Much remains speculative in assessing the reasons for the timing and pattern of the diffusion of Homo sapiens and palaeoanthropologists remain cautious about the fossil record; some of them do not like to assert without qualification that we are all descendants from a small number of humans who left Africa roughly at the same time. Nevertheless, most agree that from about 50,000 years ago to the end of the last Ice Age in about 9000 BC we are at last considering plentiful and expanding evidence of men of modern type. This period is normally referred to as the ‘Upper’ Palaeolithic, a name derived from the Greek for ‘old stones’. It corresponds, roughly, to the more familiar term ‘Stone Age’, but, like other contributions to the chaotic terminology of prehistory, there are difficulties in using such words without careful qualification.
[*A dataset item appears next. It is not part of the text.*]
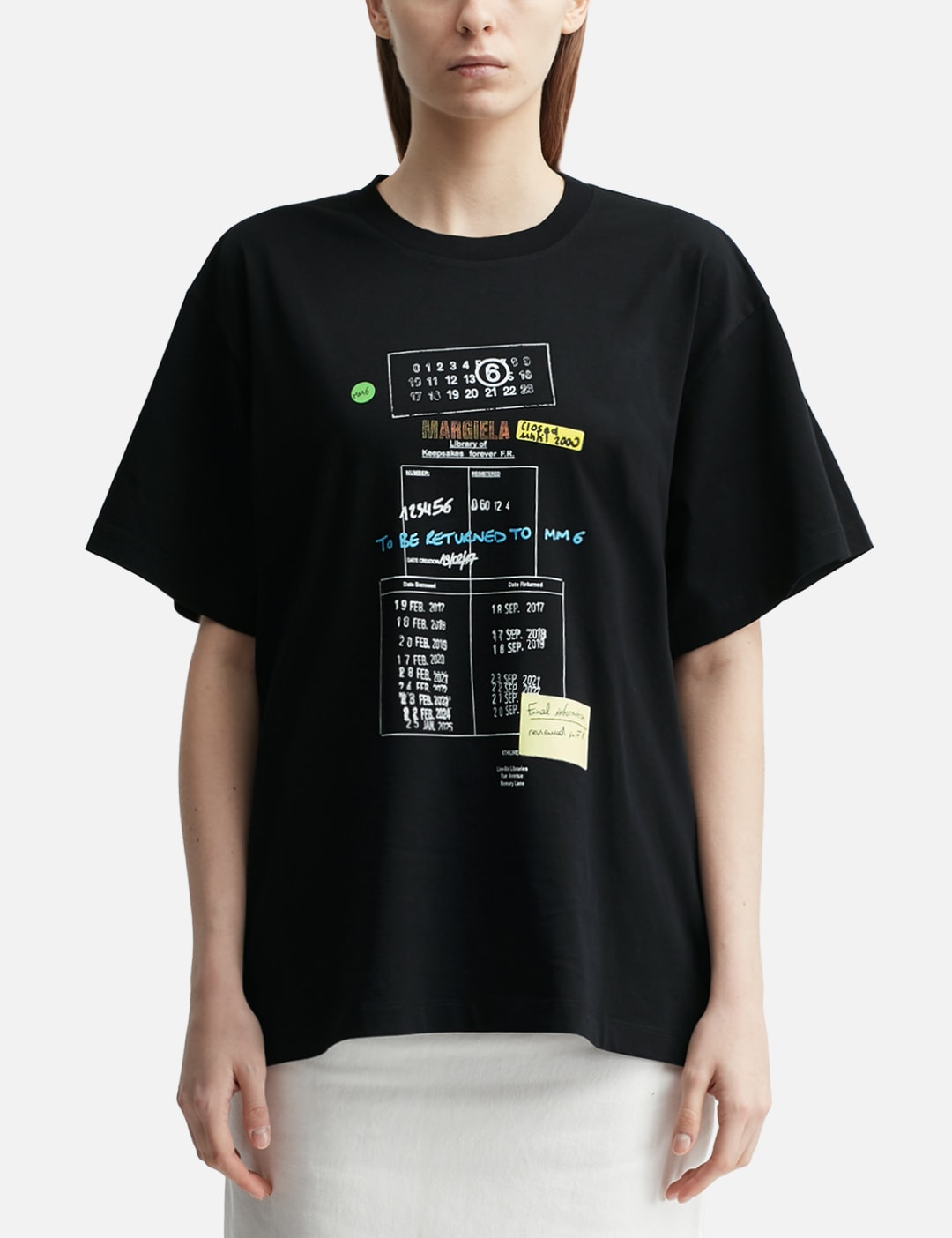 Stamp Print T-Shirt view 11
To separate ‘Upper’ and ‘Lower’ Palaeolithic is easy; the division represents the physical fact that the topmost layers of geological strata are the most recent and that therefore fossils and artefacts found among them are later than those found at lower levels. The Lower Palaeolithic is therefore the designation of an age more ancient than the Upper. Almost all the artefacts which survive from the Palaeolithic are made from stone; none is made from metal, whose appearance made it possible to follow a terminology used by the Roman poet Lucretius by labelling what comes after the Stone Age as the Bronze and Iron Ages.
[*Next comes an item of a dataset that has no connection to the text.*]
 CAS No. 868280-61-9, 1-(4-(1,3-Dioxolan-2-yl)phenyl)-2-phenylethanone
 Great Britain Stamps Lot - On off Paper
These are, of course, cultural and technological labels; their great merit is that they direct attention to the activities of man. At one time tools and weapons are made of stone, then of bronze, then of iron. None the less, these terms have disadvantages, too. The obvious one is that within the huge tracts of time in which stone artefacts provide the largest significant body of evidence, we are dealing for the most part with hominids. They had, in varying degree, some, but not all, human characteristics; many stone tools were not made by men. Increasingly, too, the fact that this terminology originated in European archaeology created difficulties as more and more evidence accumulated about the rest of the world which did not really fit in. A final disadvantage is that it blurs important distinctions within periods even in Europe. The result has been its further refinement. Within the Stone Age scholars have distinguished (in sequence) the Lower, Middle and Upper Palaeolithic and then the Mesolithic and the Neolithic (the last of which blurs the division attributed by the older schemes to the coming of metallurgy). The period down to the end of the last Ice Age in Europe is also sometimes called the Old Stone Age, another complication, because here we have yet another principle of classification, simply that provided by chronology. Homo sapiens appears in Europe roughly at the beginning of the Upper Palaeolithic. It is in Europe, too, that the largest quantity of skeletal remains has been found, and it was on this evidence that the distinction of the species was long based.